De leeromgeving moet meer doen dan enkel kansen geven tot inoefenen. Ze moet ook instructieve elementen aanreiken. De aangeboden scenario's kunnen in drie groepen verdeeld worden:
* blauwe scenario's: hierbij worden nieuwe vaardigheden aan geleerd; 
* zwarte scenario's: hierbij worden de aangeleerde vaardigheden verder ingeoefend;
* rode scenario's: bedoeld als test.
Bij elk scenario krijgt de leerling via een flash-animatie  info over:
wat er te leren valt en wat er precies verwacht wordt binnen het gekozen scenario;
* welke gradatie in ingebouwd;
* welke hulpschema's worden gebruikt.
Foutieve denkwegen moeten zo snel mogelijk worden bijgestuurd. De lerende moet in de mate van het mogelijk 'leren van zijn fouten'. Bij elk scenario is een specifieke foutgerichte feedback ingebouwd. Zo duidt het programma altijd zo nauwkeurig mogelijk aan WAAR de fout is, indien mogelijk welke de aard van de fout is. Bij de herkansing krijgt de leerling bijkomende hulp of kan hij die opvragen. Daarbij geeft het programma een hint naar de gepaste oplossingsmethode.

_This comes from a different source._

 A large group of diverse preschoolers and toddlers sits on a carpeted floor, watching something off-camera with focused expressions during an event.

Bij een dubbele fout geeft het programma zelf het antwoord en wordt in de mate van het mogelijke getoond hoe deze oplossing kon worden gevonden.
De leerkracht moet zicht hebben op de vorderingen van elke leerling afzonderlijk en van de groep in zijn geheel..

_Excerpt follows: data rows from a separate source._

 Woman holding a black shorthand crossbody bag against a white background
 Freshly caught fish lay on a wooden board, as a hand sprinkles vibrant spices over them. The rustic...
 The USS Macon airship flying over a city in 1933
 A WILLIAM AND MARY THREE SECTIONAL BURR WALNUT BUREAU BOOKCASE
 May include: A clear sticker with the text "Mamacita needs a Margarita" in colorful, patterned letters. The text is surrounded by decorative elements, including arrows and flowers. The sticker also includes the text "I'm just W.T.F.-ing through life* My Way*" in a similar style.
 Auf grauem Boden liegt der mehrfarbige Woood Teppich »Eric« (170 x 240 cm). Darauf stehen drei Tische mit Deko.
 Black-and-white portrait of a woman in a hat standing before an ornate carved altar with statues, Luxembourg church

Hij moet snel en diagnosticerend kunnen ingrijpen.
Tijdens het oefenen kan de leerkracht snel achterhalen (via de scorestrook) welke leerlingen hulp nodig hebben en kan hij de aard van de gemaakte fouten achterhalen zonder de oefenreeks te moeten afsluiten. Daardoor kan snel worden ingegrepen. 
Na het oefenen. Het programma registreert op het einde van de oefensessie gedetailleerde informatie over de gemaakte fouten e.d. Die informatie wordt bewaard en kan later worden opgevraagd en afgedrukt.
Via de analyse van de toetsresultaten is het mogelijk heel precies te achterhalen welke leerlingen last hebben met specifieke leerdoelen.